Over the last 7 centuries with the growth of the city, more and more Hutongs appeared, but they were not the same as the old ones. During the Qing Dynasty in the 17th century, the Manchu people who used to live in North China ruled. After they overthrew the Ming Dynasty, they divided Manchu people into eight banners. Each of them was distinguished by a different colour. With the growth of the population the city had to expand. So the Manchu people with all the banners, lived in the inner city. Han people, whether high ranking or ordinary people were driven to the outer city. There they built their houses randomly. And a lot of Hutongs appeared.
Since then, Beijing has quite many Hutongs with different shapes, Lengths or directions. The shortest one is just 10 meters' long, and the narrowest Hutong is only about 40 centimeters' wide. some Hutongs have more than 20 turns. And slanting Hutongs also appeared due to the terrain. The majority of hutongs run straight from east to west, some from north to south. That has resulted from the need for houses to face south so as to take in more sunshine and resist cold wind from the north.

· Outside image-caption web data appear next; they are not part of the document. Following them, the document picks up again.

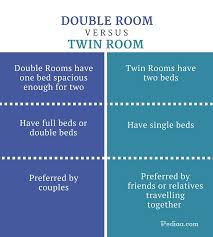 difference between double and twin room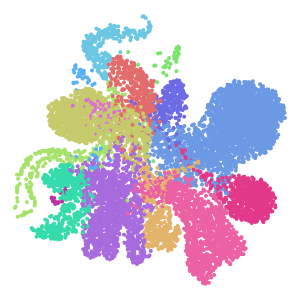 annot_level_2 plot preview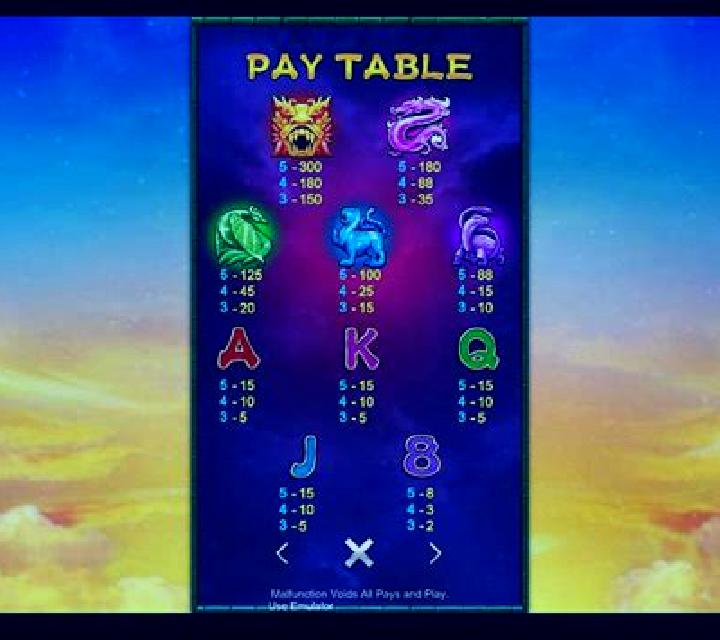 5 God Beasts slot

Even though the city wasn't symmetrical, it promoted the development of the economy. In the inner city, all the places were designed for their functions. For instance, the Forbidden City was the court, and behind it was the market. The left side of the center was the place to worship ancestors, while the right side was for worshipping all kinds of gods. Later in the outer city free markets appeared due to the needs of the local people. Such as markets for furs, jewels, silk, hats and shoes, grain and so on. Gradually, some of these became shopping centers like Qianmen ( or the front gate ), Dongdan and Xisipailou (Xisi Archway).
However, transportation was not as convenient as today, so street peddlers emerged. They wandered from lane to lane selling various goods or providing all kinds of services. People could judge their goods from their singing or the sounds of their special instruments. At sunset, the peddlers selling food were among the first to come. The food they sold include Youzhagao, which is deep-fried twisted dough sticks, baked pan-cakes, seasoned millet mush, armen tea and so on. A little bit later, peddlers who sold vegetables of daily necessities would appear. A barber never shouts, his instrument is a big pair of scissors and an ironing stick. But now it's unusual to hear such melodious cries of sounds.
Beijing's hutongs are not only an appellation for the lanes but also a kind of architecture. It's the living environment of ordinary Beijingers. It reflects the vicissitude of society. Most of the Hutongs look almost the same with grey walls and bricks. Hutongs are a happy kind of place. There are often 4 to 10 families with an average of 20 people sharing the rooms of one courtyard compels. The main attraction of Hutong life is a friendly and interpersonal communication. Children living in one courtyard play together and grow up like one family. For the eldly, the charm comes from each other's company.
Well, is Beijing denying 700 years of its history by destroying many of its hutongs? Recently, a new style of apartment building has been built in Beijing. Even though, it has four stories, it is built in the same way of Siheyuan and it has a very traditional name: Ju'er Hutong or the Chrysanthemum Lane. People who live there enjoy the convenience of modern facilities while maintaining good relations with their neighbours.

top!


SIHEYUAN  

                                            

Dwelling compounds or quadrangles (Siheyuan) in Beijing are one important aspect of the city's architectural heritage.
Beijing's dwelling compounds are generally rectangular, with the four sides squarely facing the cardinal points. Almost every dwelling compound is surrounded by high walls, with an open courtyard in the centre. The buildings on four sides are usually one storey high.
Stepping over the high wooden base of the front gate of a large compound, you will find a brick screen located a few feet inside. In front of the screen is the outer courtyard, which is flanked by structures to the east and west. In former days, these were the kitchen and servants' living quarters. A red-painted gate leads through the north wall of the outer court into the inner courtyard. The main building faces south to get the maximum possible sunshine in winter, and the eaves provide a pleasant shade in summer when the sun is high. The building is divided into three or five rooms: living or community rooms in the centre with smaller bedroom or studies at each end. The buildings facing east and west on each side of the court were constructed to accommodate married children and their families. Some dwelling compounds consist of several courtyards. With no steel or concrete, the entire dwelling was built of bricks and wood. The compounds are quiet, beautiful and compact. Beijing residents like to live in them and even foreigners find them attractive.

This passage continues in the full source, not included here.